## Exercise goal
For the data below, retype word for word the lines from the one containing "LJUNGSBRO Table basse, réglable" through the one containing "Vintage 70s flat"; drop the pictures.

** Opening Source data block **

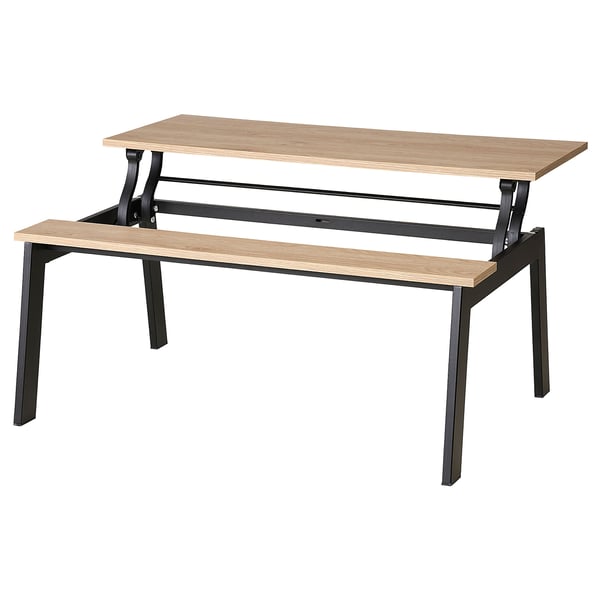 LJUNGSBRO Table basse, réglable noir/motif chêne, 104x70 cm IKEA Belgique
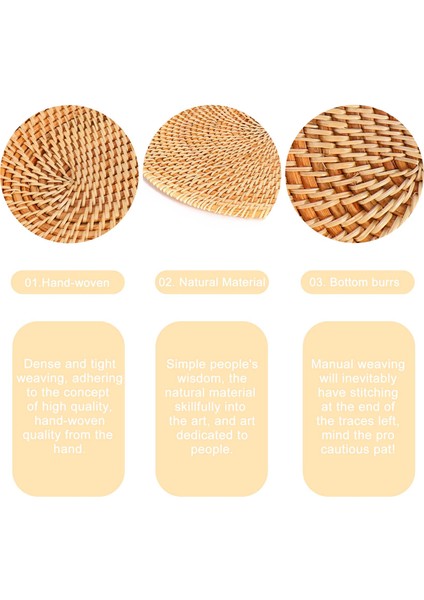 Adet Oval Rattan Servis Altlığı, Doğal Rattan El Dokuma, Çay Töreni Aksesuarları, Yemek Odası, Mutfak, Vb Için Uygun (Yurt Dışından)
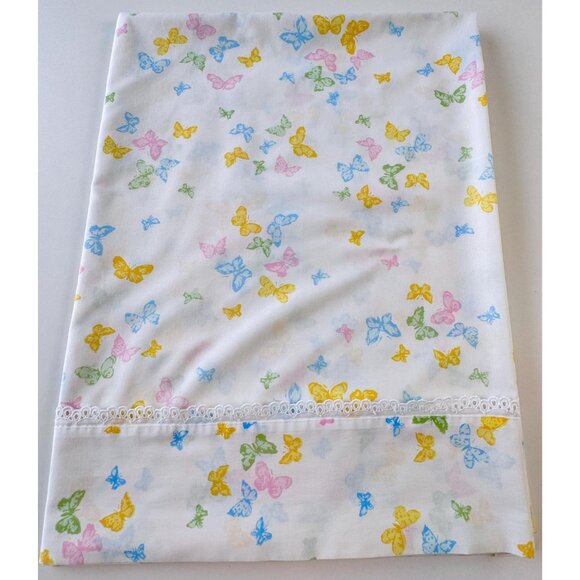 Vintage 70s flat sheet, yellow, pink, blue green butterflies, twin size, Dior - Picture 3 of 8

** Closing Source data block **
** Opening Source data block **

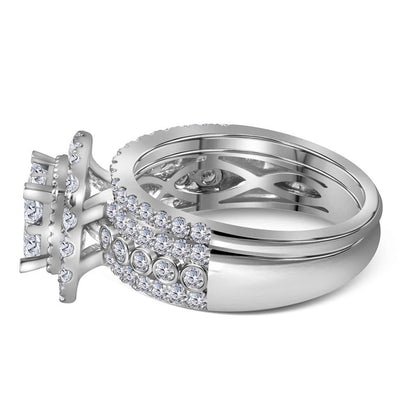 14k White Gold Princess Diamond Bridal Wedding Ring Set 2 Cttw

** Closing Source data block **
** Opening Source data block **

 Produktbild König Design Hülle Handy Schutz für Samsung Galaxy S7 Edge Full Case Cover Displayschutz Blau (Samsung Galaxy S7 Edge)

** Closing Source data block **

## Finished task
 LJUNGSBRO Table basse, réglable noir/motif chêne, 104x70 cm IKEA Belgique
 Adet Oval Rattan Servis Altlığı, Doğal Rattan El Dokuma, Çay Töreni Aksesuarları, Yemek Odası, Mutfak, Vb Için Uygun (Yurt Dışından)
 Vintage 70s flat sheet, yellow, pink, blue green butterflies, twin size, Dior - Picture 3 of 8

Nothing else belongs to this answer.